---------- Data provided

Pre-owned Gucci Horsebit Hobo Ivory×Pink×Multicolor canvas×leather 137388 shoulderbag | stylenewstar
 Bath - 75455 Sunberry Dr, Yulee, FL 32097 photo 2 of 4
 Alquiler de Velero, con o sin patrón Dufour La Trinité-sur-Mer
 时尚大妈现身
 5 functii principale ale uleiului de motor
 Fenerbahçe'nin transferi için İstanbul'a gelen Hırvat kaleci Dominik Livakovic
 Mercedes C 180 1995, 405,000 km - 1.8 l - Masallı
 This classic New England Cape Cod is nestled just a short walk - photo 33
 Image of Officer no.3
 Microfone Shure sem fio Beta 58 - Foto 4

--------------------

Looking at the material, work out the number of lines holding "photo", and write that number alone.

2